I have a Win XP PC connected to a DSL line with a Thomson Speedtouch 536 modem by ethernet cable. There is no problem with this.

I then connected my Win XP laptop to this modem via usb cable, installing the correct drivers which were emailed to me from Speedtouch.

Unfortunately after a couple of hours the connection to the laptop just dies.
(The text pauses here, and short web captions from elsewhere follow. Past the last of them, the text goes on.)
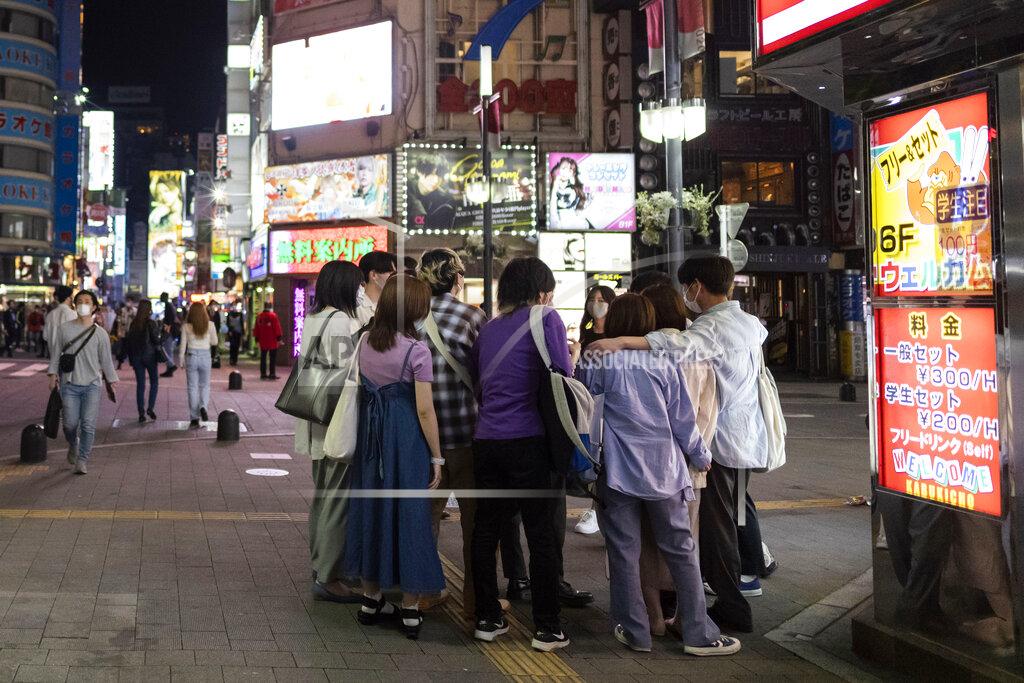 People gather on a street corner in the famed Kabukicho, a night entertainment district in downtown Tokyo, Friday, May 28, 2021, after the 8 p.m. government suggested closing time for restaurants, bars and non-essential businesses under the extended state of emergency. In Tokyo, life in the evening is continuing almost as usual as people in one of the world’s least vaccinated countries show increasing signs of frustration and defy largely toothless emergency measures. (AP Photo/Hiro Komae)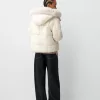 Puffer jacket with faux fur hood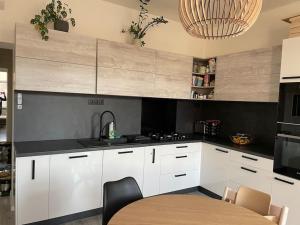 a kitchen with white cabinets and a sink and a table at Lovely 2-bedroom apartment in centre of Bratislava in Bratislava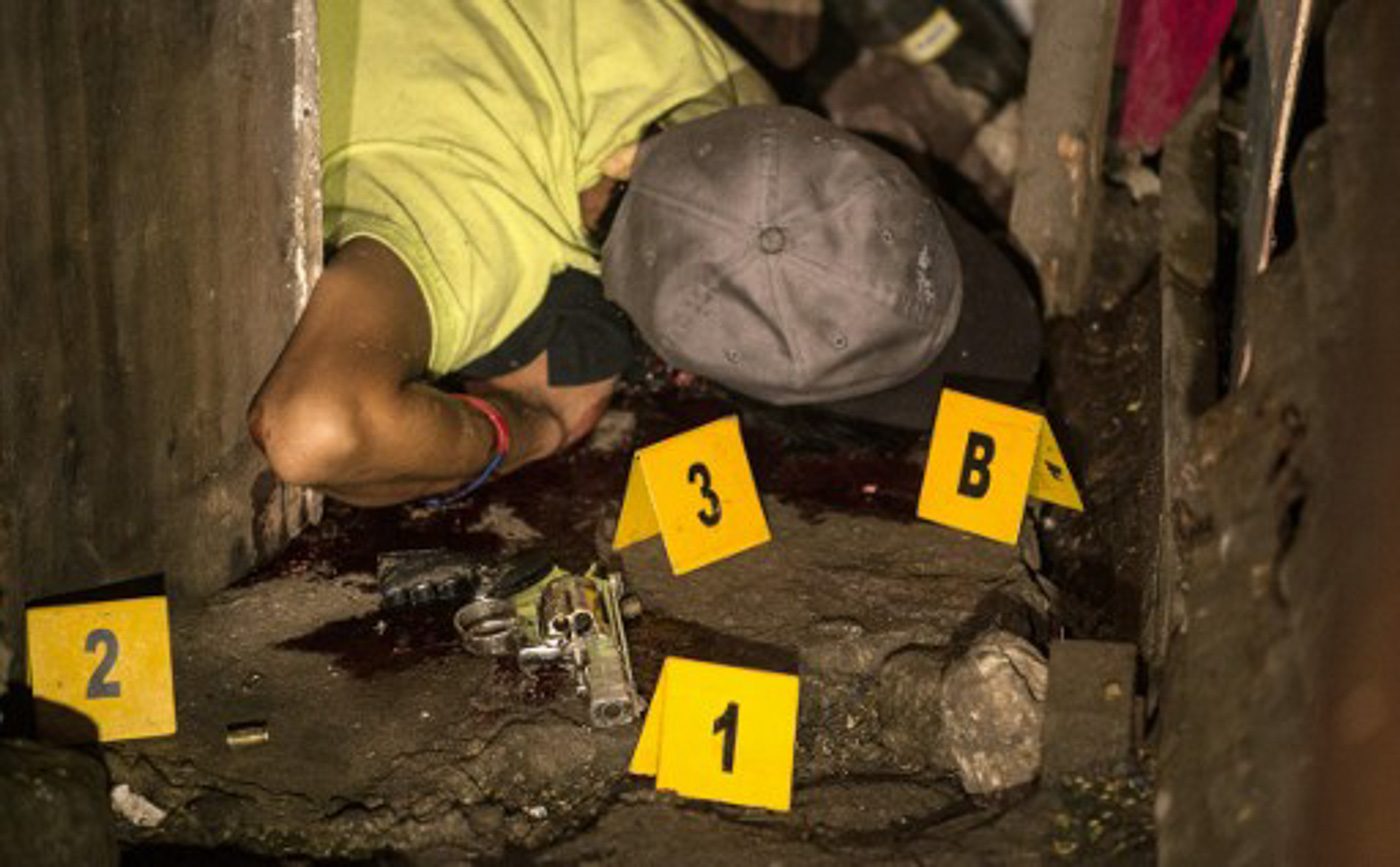 CAMPAIGN VS DRUGS. A suspected drug pusher lies dead on the ground as a police crime scene operative gathers forensic evidence after 3 suspected drug pushers were killed when a drug bust operation ended in a shootout with authorities on June 25, 2016. Photo by Noel Celis/AFP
When I check the Speedtouch page using the PC, I see the two computers connected, the main one - Ethernet is connected at 100Mbps but the laptop - usbport has just 12Mbps in brackets. 
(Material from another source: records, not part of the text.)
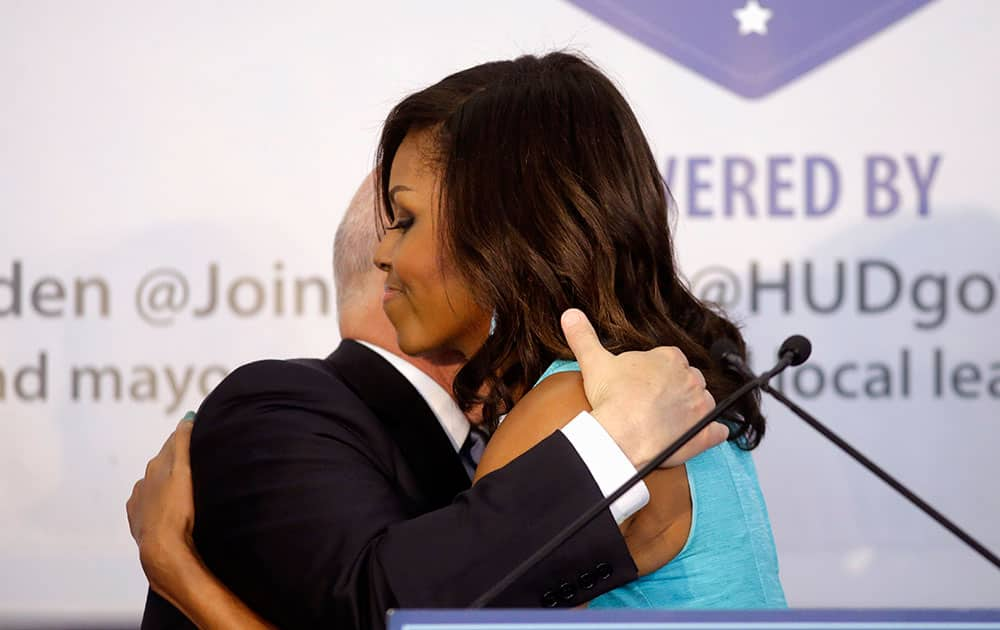 First lady Michelle Obama hugs New Orleans Mayor Mitch Landrieu at an event honoring efforts to help homeless veterans, in New Orleans.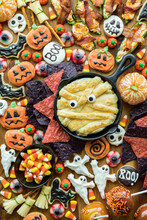 A Halloween Charcuterie Board With Cookies, Candy And Salty Snacks.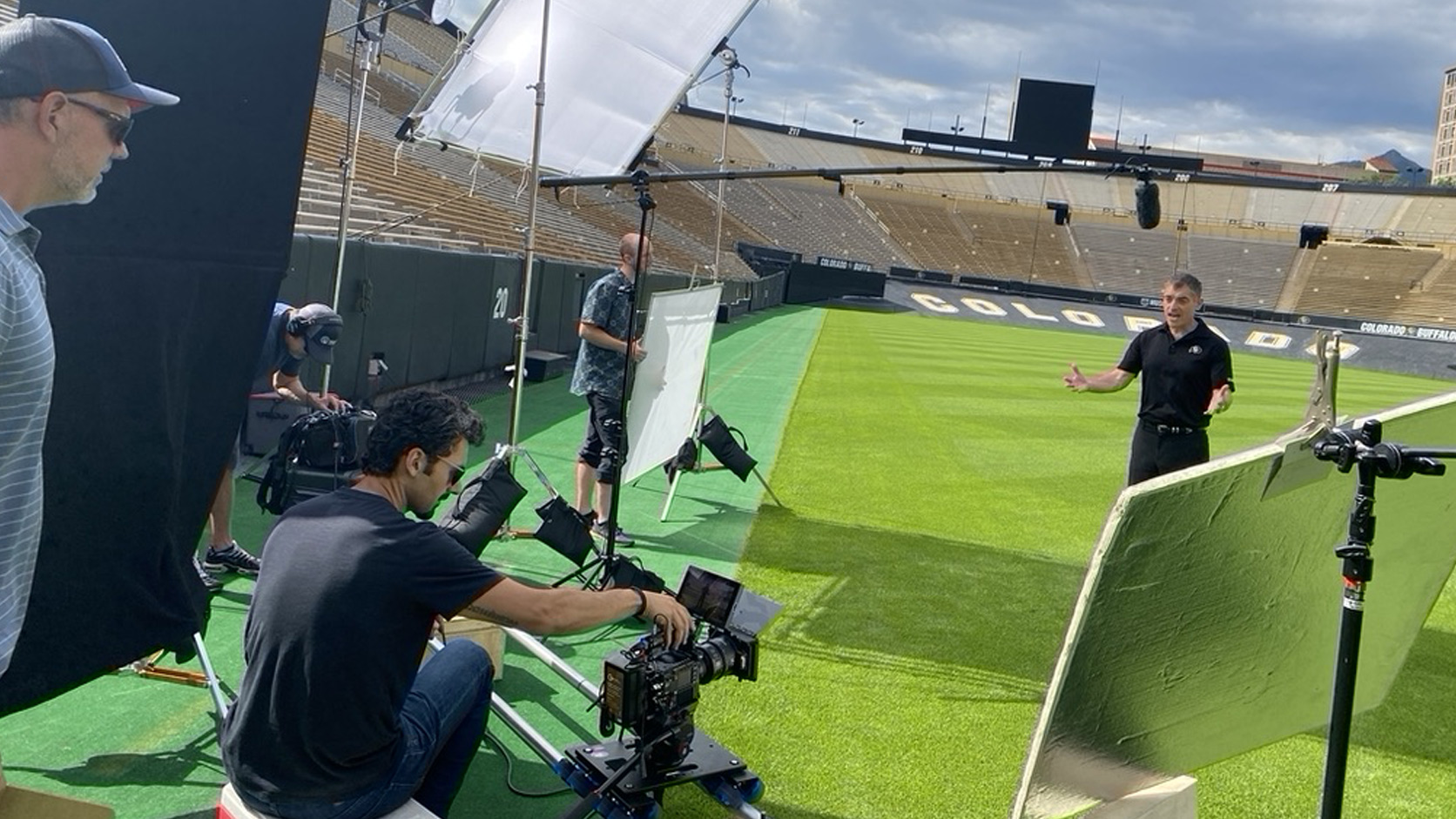 Snowy Peak Films crew filming a Wilhite Law Firm commercial on the field at Folsom Field in Boulder, with a cinema camera on a dolly, diffusion, bounce boards and a boom mic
If I check the details it usually says 
Status: Active
Type: Generic (or Laptop Computer which I changed it to to see if it helped)
Connected to: usbport (USB)

Addressing 
Physical Address: 00:90:d0:05:d4:45 
IP Address Assignment: DHCP 
IP Address: 192.168.1.64 
Always use the same address: No 
DHCP Lease Time: 0 days, 18:11:20 (this counts down from 24)
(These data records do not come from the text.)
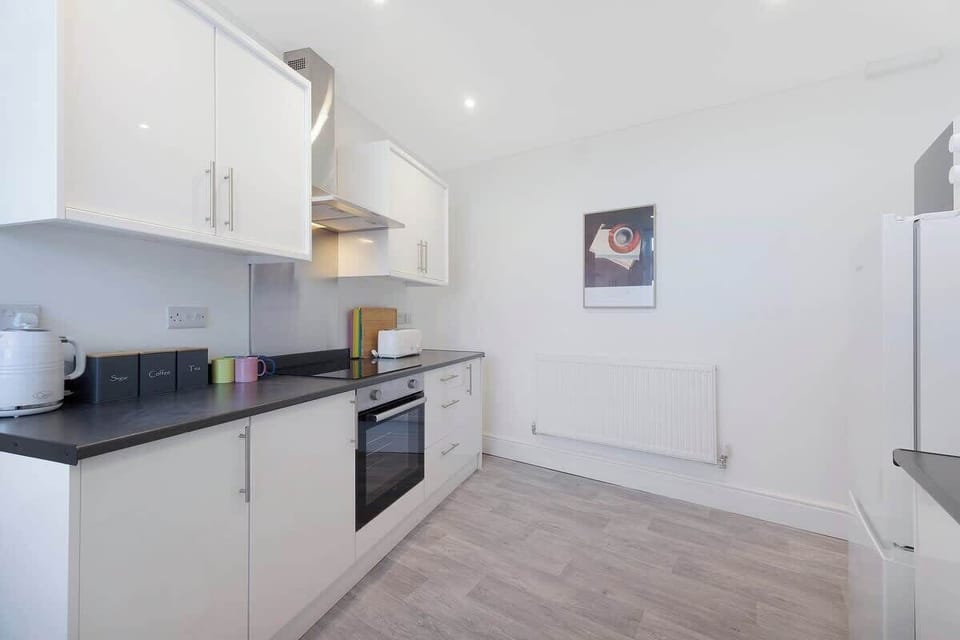 Kitchen equipped with all essentials, including a washer & dryer, oven, fridge and full cookware set.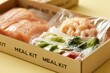 © Marina Demidiuk - Raw salmon fish fillet, shrimps and green vegetables inside vacuum plastic bags in cardboard box. Meal Kit Delivery, nutrition kits. Fresh food ingredients for cooking. Home wellness. Ready made set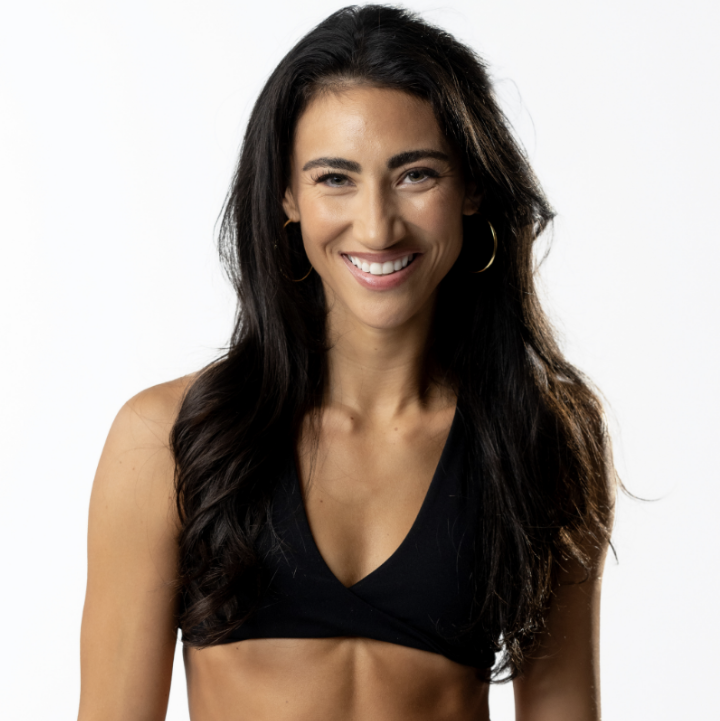 New Orleans influencer Ready Steph Go (Stephanie Weiss) grins at the camera, wearing a black sports bra.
The connection often returns later in the day of it's own accord but why does it drop in the first place? and for a number of hours at a time.

Thank you if anybody is able to provide the solution to this.


----------



## johnwill (Sep 26, 2002)

Quite frankly, I have a very low opinion of USB for networking. I'd buy a $10 Ethernet switch and forget the USB. http://www.microbarn.com/details.aspx?rid=101727&source=pricewatch


----------



## Beehive (Jan 8, 2008)

Thank you for your experience. As I'm in England I'll look around for one of these, perhaps Maplins or somewhere similar would have one.


----------



## johnwill (Sep 26, 2002)

They're very common, almost any place that has networking stuff will have a simple Ethernet switch.


----------